Caption-style text data »

================================

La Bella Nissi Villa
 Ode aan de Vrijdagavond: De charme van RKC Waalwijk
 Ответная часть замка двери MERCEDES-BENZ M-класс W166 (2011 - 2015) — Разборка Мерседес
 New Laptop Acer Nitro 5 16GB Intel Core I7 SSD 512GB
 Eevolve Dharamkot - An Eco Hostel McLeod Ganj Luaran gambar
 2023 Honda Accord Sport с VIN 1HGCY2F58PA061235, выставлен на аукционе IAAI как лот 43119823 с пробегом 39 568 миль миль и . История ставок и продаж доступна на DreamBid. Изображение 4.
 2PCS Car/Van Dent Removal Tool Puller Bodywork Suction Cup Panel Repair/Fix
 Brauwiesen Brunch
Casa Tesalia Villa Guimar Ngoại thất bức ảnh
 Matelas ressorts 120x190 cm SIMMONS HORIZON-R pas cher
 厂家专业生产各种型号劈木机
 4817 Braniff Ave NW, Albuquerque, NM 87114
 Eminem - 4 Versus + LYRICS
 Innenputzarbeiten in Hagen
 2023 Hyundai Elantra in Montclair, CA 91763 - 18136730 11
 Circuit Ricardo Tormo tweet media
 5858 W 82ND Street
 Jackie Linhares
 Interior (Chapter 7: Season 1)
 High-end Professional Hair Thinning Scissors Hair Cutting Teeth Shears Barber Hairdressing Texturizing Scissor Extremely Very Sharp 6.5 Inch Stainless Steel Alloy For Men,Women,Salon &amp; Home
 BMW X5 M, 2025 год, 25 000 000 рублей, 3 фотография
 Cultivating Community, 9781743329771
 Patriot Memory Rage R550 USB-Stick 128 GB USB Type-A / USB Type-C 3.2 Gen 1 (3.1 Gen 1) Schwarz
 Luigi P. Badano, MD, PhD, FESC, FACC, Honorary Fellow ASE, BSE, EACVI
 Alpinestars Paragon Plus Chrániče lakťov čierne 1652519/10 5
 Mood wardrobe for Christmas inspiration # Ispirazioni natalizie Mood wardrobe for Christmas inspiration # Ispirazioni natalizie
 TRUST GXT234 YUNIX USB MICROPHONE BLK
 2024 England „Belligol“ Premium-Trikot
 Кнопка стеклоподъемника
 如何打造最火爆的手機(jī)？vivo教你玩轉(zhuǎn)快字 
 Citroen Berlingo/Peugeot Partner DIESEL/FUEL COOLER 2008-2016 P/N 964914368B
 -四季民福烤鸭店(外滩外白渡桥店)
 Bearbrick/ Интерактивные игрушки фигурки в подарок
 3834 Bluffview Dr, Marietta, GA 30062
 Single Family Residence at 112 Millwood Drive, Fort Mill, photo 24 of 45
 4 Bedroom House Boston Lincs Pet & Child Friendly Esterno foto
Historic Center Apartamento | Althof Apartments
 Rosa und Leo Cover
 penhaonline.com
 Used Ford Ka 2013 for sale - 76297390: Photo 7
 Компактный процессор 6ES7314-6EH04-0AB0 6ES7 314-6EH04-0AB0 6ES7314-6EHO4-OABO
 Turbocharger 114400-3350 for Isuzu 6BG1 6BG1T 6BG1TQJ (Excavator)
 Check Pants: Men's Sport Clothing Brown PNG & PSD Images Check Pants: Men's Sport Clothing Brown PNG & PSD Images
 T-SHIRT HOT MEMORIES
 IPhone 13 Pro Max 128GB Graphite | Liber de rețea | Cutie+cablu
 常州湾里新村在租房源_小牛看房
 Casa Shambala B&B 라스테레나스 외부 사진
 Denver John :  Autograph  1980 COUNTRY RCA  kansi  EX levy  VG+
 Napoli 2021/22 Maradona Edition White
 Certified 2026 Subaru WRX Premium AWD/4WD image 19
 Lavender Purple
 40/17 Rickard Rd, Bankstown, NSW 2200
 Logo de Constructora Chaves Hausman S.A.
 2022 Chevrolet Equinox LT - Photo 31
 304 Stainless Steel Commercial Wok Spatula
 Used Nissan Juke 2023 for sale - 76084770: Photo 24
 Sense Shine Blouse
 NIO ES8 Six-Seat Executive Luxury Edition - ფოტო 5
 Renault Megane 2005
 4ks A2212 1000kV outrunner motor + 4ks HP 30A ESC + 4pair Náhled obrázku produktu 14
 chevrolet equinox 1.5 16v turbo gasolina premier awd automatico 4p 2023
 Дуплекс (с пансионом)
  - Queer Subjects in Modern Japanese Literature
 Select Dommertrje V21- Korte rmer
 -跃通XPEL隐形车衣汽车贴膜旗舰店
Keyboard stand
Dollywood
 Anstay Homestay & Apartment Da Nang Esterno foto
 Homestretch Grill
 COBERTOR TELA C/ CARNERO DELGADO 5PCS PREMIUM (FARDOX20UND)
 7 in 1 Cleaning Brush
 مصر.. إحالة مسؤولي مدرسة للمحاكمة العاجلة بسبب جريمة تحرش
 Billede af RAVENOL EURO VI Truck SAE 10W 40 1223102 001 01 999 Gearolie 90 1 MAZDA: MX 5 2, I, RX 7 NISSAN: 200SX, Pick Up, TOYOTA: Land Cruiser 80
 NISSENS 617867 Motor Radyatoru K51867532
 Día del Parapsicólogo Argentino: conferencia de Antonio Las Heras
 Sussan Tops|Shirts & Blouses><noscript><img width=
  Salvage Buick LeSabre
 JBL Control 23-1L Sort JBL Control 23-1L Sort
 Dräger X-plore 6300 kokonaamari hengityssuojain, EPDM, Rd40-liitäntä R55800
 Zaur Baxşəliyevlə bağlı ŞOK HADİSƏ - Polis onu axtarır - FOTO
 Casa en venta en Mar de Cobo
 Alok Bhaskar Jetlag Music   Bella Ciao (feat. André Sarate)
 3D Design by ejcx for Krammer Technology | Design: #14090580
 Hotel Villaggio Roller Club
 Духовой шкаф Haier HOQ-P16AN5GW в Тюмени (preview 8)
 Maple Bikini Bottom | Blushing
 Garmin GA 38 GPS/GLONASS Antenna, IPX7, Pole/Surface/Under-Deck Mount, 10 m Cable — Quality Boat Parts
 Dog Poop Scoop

================================

Exercise objective » Of all the entries above, repeat only the lines from the line that has "T-SHIRT HOT MEMORIES" to the line that has "3D Design by", both lines included, exactly.

Output for this exercise »
 T-SHIRT HOT MEMORIES
 IPhone 13 Pro Max 128GB Graphite | Liber de rețea | Cutie+cablu
 常州湾里新村在租房源_小牛看房
 Casa Shambala B&B 라스테레나스 외부 사진
 Denver John :  Autograph  1980 COUNTRY RCA  kansi  EX levy  VG+
 Napoli 2021/22 Maradona Edition White
 Certified 2026 Subaru WRX Premium AWD/4WD image 19
 Lavender Purple
 40/17 Rickard Rd, Bankstown, NSW 2200
 Logo de Constructora Chaves Hausman S.A.
 2022 Chevrolet Equinox LT - Photo 31
 304 Stainless Steel Commercial Wok Spatula
 Used Nissan Juke 2023 for sale - 76084770: Photo 24
 Sense Shine Blouse
 NIO ES8 Six-Seat Executive Luxury Edition - ფოტო 5
 Renault Megane 2005
 4ks A2212 1000kV outrunner motor + 4ks HP 30A ESC + 4pair Náhled obrázku produktu 14
 chevrolet equinox 1.5 16v turbo gasolina premier awd automatico 4p 2023
 Дуплекс (с пансионом)
  - Queer Subjects in Modern Japanese Literature
 Select Dommertrje V21- Korte rmer
 -跃通XPEL隐形车衣汽车贴膜旗舰店
Keyboard stand
Dollywood
 Anstay Homestay & Apartment Da Nang Esterno foto
 Homestretch Grill
 COBERTOR TELA C/ CARNERO DELGADO 5PCS PREMIUM (FARDOX20UND)
 7 in 1 Cleaning Brush
 مصر.. إحالة مسؤولي مدرسة للمحاكمة العاجلة بسبب جريمة تحرش
 Billede af RAVENOL EURO VI Truck SAE 10W 40 1223102 001 01 999 Gearolie 90 1 MAZDA: MX 5 2, I, RX 7 NISSAN: 200SX, Pick Up, TOYOTA: Land Cruiser 80
 NISSENS 617867 Motor Radyatoru K51867532
 Día del Parapsicólogo Argentino: conferencia de Antonio Las Heras
 Sussan Tops|Shirts & Blouses><noscript><img width=
  Salvage Buick LeSabre
 JBL Control 23-1L Sort JBL Control 23-1L Sort
 Dräger X-plore 6300 kokonaamari hengityssuojain, EPDM, Rd40-liitäntä R55800
 Zaur Baxşəliyevlə bağlı ŞOK HADİSƏ - Polis onu axtarır - FOTO
 Casa en venta en Mar de Cobo
 Alok Bhaskar Jetlag Music   Bella Ciao (feat. André Sarate)
 3D Design by ejcx for Krammer Technology | Design: #14090580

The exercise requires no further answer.